- PC Engine box art
- Developer(s): Capcom
- Publisher(s): Capcom (AC, JP) Romstar (AC, US) NEC Avenue (PCE)
- Composer(s): Manami Matsumae
- Platform(s): Arcade PC Engine
- Release: ArcadeWW: 1988; PC EngineJP: August 25, 1989;
- Genre(s): Formula One racing
- Mode(s): Single-player

= F-1 Dream =

1988 Video game

F-1 Dream (F1ドリーム) is an automobile racing arcade game released by Capcom in 1988. Like many other Capcom arcade games at the time, it was released in the US by Romstar. It also had a PC Engine port released exclusively in Japan on August 25, 1989.

==Gameplay==
Players start off in Formula 3000 (F3000) needing enough points (12) to progress to Formula One (F1) using either a non-turbo or turbo powered car. Although both had the same amount of horsepower, the turbo car is 20 km/h faster in both categories. Turbo F3000 cars started at 300 km/h top speed while F1 cars started at 400. Horsepower improvements for finishing a race 4th or better would see F3000 get up to a maximum speed of 360 and 460 in F1.

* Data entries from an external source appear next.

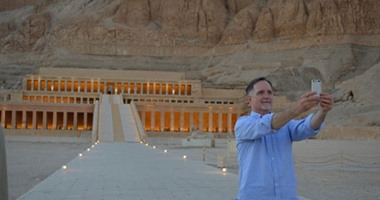 نائب يطالب رئيس الوزراء بالترويج لقطاع السياحة فى محافظة الأقصر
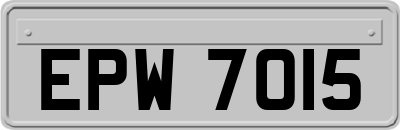 EPW7015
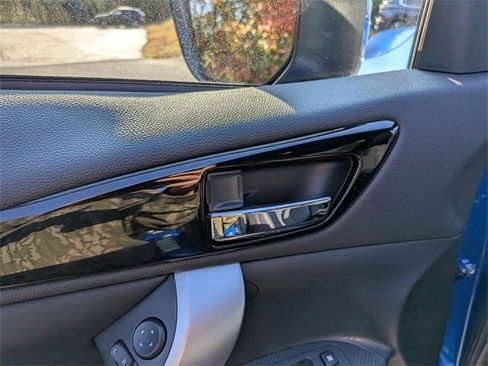 New 2026 Mitsubishi Eclipse Cross SE image 12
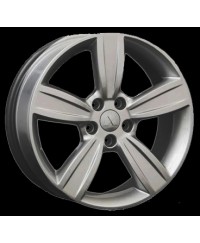 Replica Mitsubishi A-F9052 HB R18 W7 PCD5x114.3 ET35 DIA67.1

A choice of 4 circuits were available for both F3000 and F1 varying in difficulty and the player drives against seven other main cars in both categories. For the first race in each category, the player is given a one-lap qualifying run in either wet or dry conditions to determine their starting position. From then on the starting position is where the driver finished in the previous race. Races are then held over 2 laps (F3000) and 3 laps (F1) with pitstops optional for fuel and tyres and the player has the choice of turbo or non-turbo for each race which is also randomly wet or dry. To continue on to the next race, a player must finish in the top 6 (points were scored the same as Formula One at the time with 9 for 1st, 6 for 2nd, 4 for 3rd, 3 for 4th, 2 for 5th and 1 for 6th). During a race, the player has to avoid hazards including spectators running across the track or other cars (including extra back markers). Hitting either will cause the players car to spin. The player also needs to keep their car on the road as driving off the track will cause the car to slow dramatically. Wet tracks will cause the cars to slide wide when turning.

The game ends if the player finishes a race in 7th or 8th, their car runs out of fuel or is too damaged to continue.

== Reception ==
In Japan, Game Machine listed F-1 Dream on their June 1, 1988 issue as being the fourth most-successful table arcade unit of the month. It ranked 16th in Game Machine's Best Hit Games 25 and had a 5.13 rating.